Awakening the Sleeping Warrior
or Hospital Gown with Strings Attached

by Varda Branfman

Part II

[After being subjected to imperative comprehensive testing over two days of Rosh Hashona and Shabbos...]

I am only a shadow of myself. On Sunday, my husband makes his long-awaited visit with my baby. I am too weak to hold her. I want to respond to her joy at seeing me but I can only squeeze out a faint smile. Then I burst into tears as I realize that I don't have the strength to care for her.

I should have known. I had already had some experience with this award-winning hospital. It was in this very same hospital that my sweet baby was born.

*

Together with my husband and our litte overnight suitcase, we made our way down to an underground floor of the hospital complex. Our steps echoed in the giant windowless hallways and we came to the massive door with a small sign to the left announcing we were at the right place. We were then buzzed in. It reminded me of the entrance to a nuclear power plant. It all seemd very dangerous and secretive.

Once inside it continued to be soundless. The nurse led us to the first room on a long corridor with another massive door to open. Inside, there were again no windows and for the next nine hours, I proceeded to have my baby... When I looked at the clock, it could have been three a.m. or three p.m.; with no sunlight, I had lost track of time.

Thank G-d I was not there to be healed and was sent home after three days.

*

Now they are cold and efficient, as if they are there simply to monitor the malfunctioning machinery.

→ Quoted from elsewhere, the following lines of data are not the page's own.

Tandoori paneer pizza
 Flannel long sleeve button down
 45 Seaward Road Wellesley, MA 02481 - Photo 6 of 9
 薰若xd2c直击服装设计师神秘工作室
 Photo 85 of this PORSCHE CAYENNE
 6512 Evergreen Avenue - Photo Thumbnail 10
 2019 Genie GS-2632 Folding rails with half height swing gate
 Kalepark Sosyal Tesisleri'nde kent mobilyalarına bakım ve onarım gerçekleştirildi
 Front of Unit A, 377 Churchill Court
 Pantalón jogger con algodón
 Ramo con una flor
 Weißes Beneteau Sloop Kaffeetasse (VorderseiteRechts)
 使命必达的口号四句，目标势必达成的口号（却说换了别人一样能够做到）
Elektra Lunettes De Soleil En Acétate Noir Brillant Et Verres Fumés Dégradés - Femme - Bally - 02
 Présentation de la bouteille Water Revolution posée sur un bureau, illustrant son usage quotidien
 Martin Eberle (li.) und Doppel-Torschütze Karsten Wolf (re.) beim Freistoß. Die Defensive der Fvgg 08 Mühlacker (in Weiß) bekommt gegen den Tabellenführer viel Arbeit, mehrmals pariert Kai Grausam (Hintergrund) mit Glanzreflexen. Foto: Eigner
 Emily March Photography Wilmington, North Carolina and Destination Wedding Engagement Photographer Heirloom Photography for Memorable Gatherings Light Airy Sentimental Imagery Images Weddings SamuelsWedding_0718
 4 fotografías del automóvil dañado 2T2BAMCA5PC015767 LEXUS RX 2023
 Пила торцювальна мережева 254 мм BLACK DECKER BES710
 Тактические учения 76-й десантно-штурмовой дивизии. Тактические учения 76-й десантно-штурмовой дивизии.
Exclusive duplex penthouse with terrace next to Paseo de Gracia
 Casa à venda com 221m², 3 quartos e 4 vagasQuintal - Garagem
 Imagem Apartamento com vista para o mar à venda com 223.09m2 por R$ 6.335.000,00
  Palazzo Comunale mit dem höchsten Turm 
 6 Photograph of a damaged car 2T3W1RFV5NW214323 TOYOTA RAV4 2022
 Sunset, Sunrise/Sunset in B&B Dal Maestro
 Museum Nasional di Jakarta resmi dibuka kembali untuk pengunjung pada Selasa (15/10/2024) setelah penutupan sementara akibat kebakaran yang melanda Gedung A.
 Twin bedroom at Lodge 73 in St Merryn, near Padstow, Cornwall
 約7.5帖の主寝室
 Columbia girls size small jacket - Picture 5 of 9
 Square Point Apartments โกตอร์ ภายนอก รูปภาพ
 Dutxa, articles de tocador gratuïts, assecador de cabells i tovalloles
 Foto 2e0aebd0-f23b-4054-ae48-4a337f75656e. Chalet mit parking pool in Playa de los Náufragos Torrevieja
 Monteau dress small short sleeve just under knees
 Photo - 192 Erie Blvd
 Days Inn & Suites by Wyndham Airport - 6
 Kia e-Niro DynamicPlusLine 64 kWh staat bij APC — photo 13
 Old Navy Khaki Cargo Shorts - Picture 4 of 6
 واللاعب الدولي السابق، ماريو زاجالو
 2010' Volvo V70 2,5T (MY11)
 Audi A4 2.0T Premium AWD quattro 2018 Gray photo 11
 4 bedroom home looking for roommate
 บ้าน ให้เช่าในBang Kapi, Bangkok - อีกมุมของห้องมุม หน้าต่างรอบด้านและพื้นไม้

At the bone marrow test, my will to live begins to stir within me. In horror, I watch them drill a little hole and extract a bone marrow sample. This time, the anesthetic works and there is only a numb feeling in the lower half of my body.

It is too late to stop the procedure, by the time I find my fighting spirit. As they remove the syringe, I demand to know why they are doing this to me. They don't have the answer. Without even looking up, they tell me to ask my doctor, as they proceed to clean up the site of the invasion.

I begin to see myself as a war zone, being shuttled back and forth from room to room, test to test, with my body being chipped away bit by bit. They are using state-of-the-art weaponry, miniature TV cameras, chemicals, radiation and the knife.

And an age-old tactic -- slow starvation.

When I am finally allowed to eat again, I find my strength returning. It's very possible that there is some real food content in the tray before me, between the white bread and the rubber chicken, the instant mashed potatoes and the red jello. But at least there are some calories here which translates into energy to arouse the sleeping warrior in me.

My doctor is impossible to find, apart from star appearances every afternoon on the ward rounds as he instructs the student doctors about each case. They are all wearing white coats but he has on an impeccable tan suit and tie. He moves with the assurance of an elevated being who has conquered the entire human digestive system.

He explains to me that there is a tendency to developing leukemia in my family since my father succumbed to that disease, and the bone marrow test is to make sure I don't have it.

I don't want to argue with him that my father's symptoms were totally different and that I've already endured the coloscopy which defined my condition as ulcerative colitis. I have been fighting a losing battle ever since I gave my consent to this hospital stay and signed over full rights to my body and my life. I know that it is useless to argue with the prince of this malevolent kingdom but still I dare say the words, "I want to go home."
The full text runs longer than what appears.